#### Materials provided

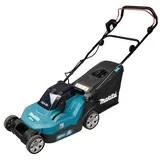 Makita Akku-Rasenmäher DLM382Z ohne Akkus, ohne Ladegerät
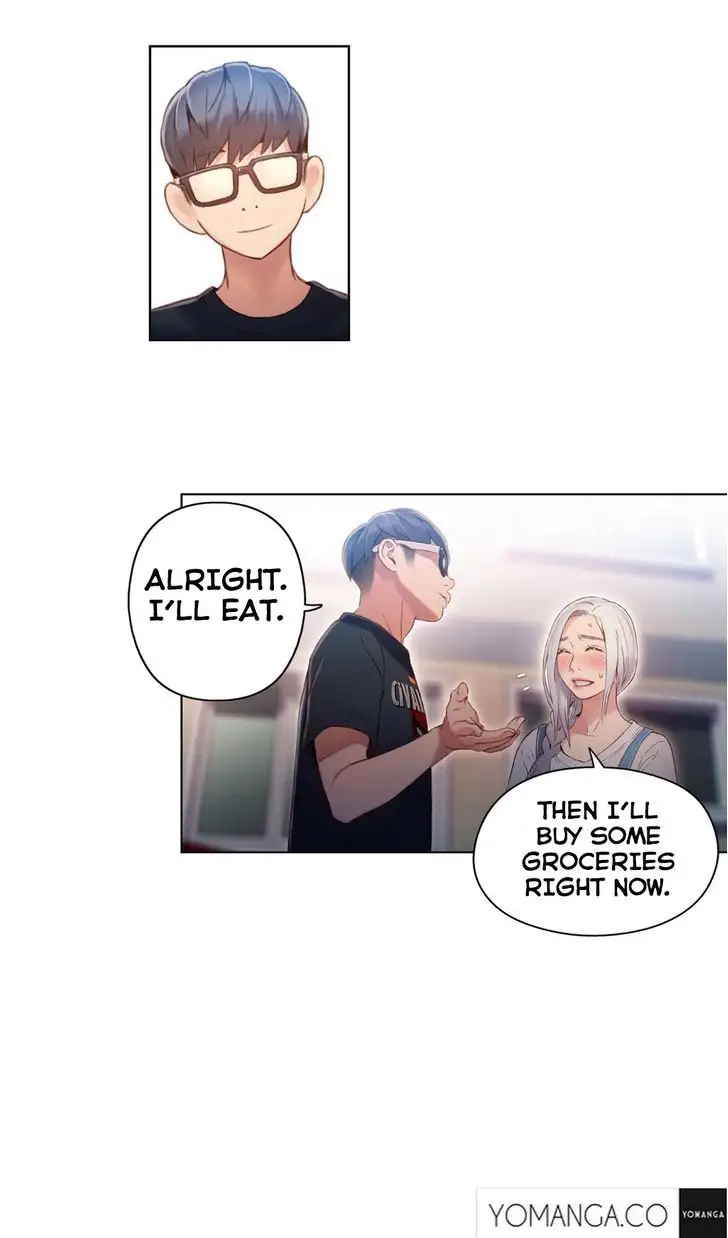 Sweet Guy - Chapter 48 [photo 7] - MangaPorn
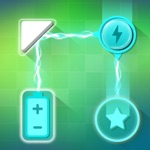 Laser Overload Charge Battery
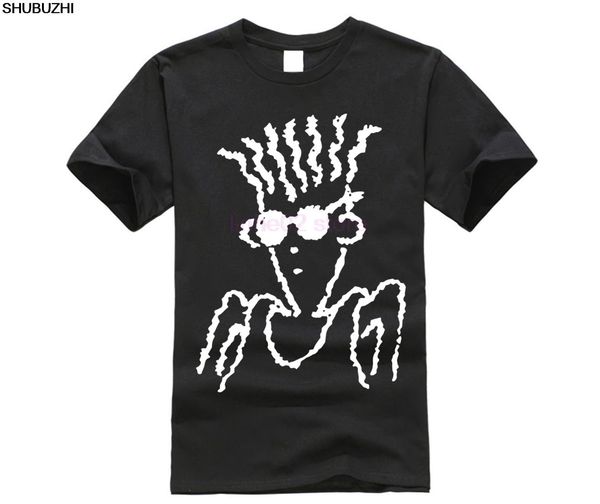 

custom fido dido men t shirt cool fido men's tshirt breathable streetwear t-shirt letters quality, White;black
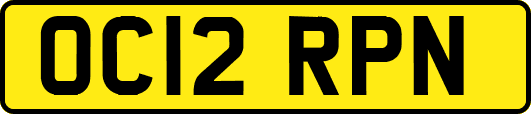 OC12RPN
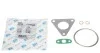 Комплект прокладок турбини Citroen Jumper/Fiat Ducato/Peugeot Boxer 2.2 HDi 06- KT210140E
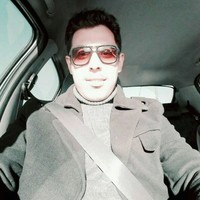 mohammad Mehdi Jamshidi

########

### What to work on
Quote the material above exactly, from the line holding "Laser Overload Charge Battery" through its last line, including both. Omit the pictures.

### Exercise result
 Laser Overload Charge Battery

custom fido dido men t shirt cool fido men's tshirt breathable streetwear t-shirt letters quality, White;black
 OC12RPN
 Комплект прокладок турбини Citroen Jumper/Fiat Ducato/Peugeot Boxer 2.2 HDi 06- KT210140E
 mohammad Mehdi Jamshidi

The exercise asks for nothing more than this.